I’ve been working on a web crawler lately, and it needs to crawl a site with millions of pages. I wanted to store the pages to be crawled in a queue called seeds, and the crawler thread(s) would grab a page off the queue, crawl it, and then push newly-discovered pages back onto the queue. But I also needed to keep track of which pages I’d seen, because I didn’t want to crawl them twice. So I kept those pages in a set called crawled. You only queue a page on seeds if it isn’t in crawled. Simple enough. I decided to store both seeds and crawled in Redis, so that if the crawler crashed it could pick up again where it left off.

The trick is that if you’re running multiple crawlers in parallel, then the queue-a-seed-unless-already-crawled part needs to be atomic, but it requires two steps: check in crawled, then push to seeds. And you can’t use MULTI, because whether to queue depends on crawled.

Now you could use external syncrhonization to handle this, which may be easier if you’re just running several threads within a single process, but if you’re running several processes, perhaps even distributed across multiple machines, then Redis is a convenient synchronization point since you’re going there already.

In the Redis EVAL command, you pass several arguments. The first is a string with the Lua code you want run. The next is an integer telling how many more arguments to treat as Redis keys, available in Lua from the KEYS array as KEYS[1], KEYS[2], etc. Any further arguments are available from the ARGV array. (Yes, Lua array indexes start at 1.)

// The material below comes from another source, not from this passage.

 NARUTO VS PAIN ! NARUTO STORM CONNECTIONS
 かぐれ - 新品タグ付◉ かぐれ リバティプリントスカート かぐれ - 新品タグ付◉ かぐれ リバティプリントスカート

The Lua script can run Redis commands via redis.call() and redis.pcall(). The former passes errors back to you; the latter lets you trap errors in Lua.

Here was my EVAL command (called via a Ruby client):

redis.eval("if redis.call('SISMEMBER', KEYS[1], ARGV[1]) == 0 " +
           "then redis.call('RPUSH', KEYS[2], ARGV[1]) " +
           "end",
           ['crawled', 'seeds'], [seed])

A couple things to note: First, we are passing our key names in the KEYS array rather than hard-coding them into the Lua script. This is per the Redis documentation, and allegedly it helps Redis optimize our code, although I don’t understand the explanation why.

Actually I suspect it is only an optimization when your key names are variable, so you get better performance vs. passing them in ARGV. But since we use the same key names every time, I’d bet it would be just as fast to hard-code them in Lua rather than pass them to KEYS. It may even be faster that way!

Second, we are saying if redis.call(...) == 0 rather than simply if not redis.call(...). This is because ISMEMBER returns 0 or 1, and to Lua both those values are true.

I think this is a very nice example of why you might use Redis’s new EVAL command and how it works. I hope it was helpful to you!